== The data ==

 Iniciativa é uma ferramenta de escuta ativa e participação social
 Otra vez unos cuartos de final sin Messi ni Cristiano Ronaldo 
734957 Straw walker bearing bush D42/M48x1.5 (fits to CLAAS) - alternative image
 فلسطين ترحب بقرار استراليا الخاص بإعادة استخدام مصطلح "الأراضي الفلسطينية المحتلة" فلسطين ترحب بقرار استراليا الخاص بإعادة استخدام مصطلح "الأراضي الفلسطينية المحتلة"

===
== The data ==

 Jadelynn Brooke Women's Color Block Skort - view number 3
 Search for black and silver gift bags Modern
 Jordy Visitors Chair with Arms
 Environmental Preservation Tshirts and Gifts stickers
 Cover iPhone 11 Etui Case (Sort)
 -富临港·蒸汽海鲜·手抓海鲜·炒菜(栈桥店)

===

Try it = Of the lines above, retype only those from the line containing "Jadelynn Brooke Women's" through the line containing "-富临港·蒸汽海鲜·手抓海鲜·炒菜(栈桥店)", including both, exactly.

Written response =
 Jadelynn Brooke Women's Color Block Skort - view number 3
 Search for black and silver gift bags Modern
 Jordy Visitors Chair with Arms
 Environmental Preservation Tshirts and Gifts stickers
 Cover iPhone 11 Etui Case (Sort)
 -富临港·蒸汽海鲜·手抓海鲜·炒菜(栈桥店)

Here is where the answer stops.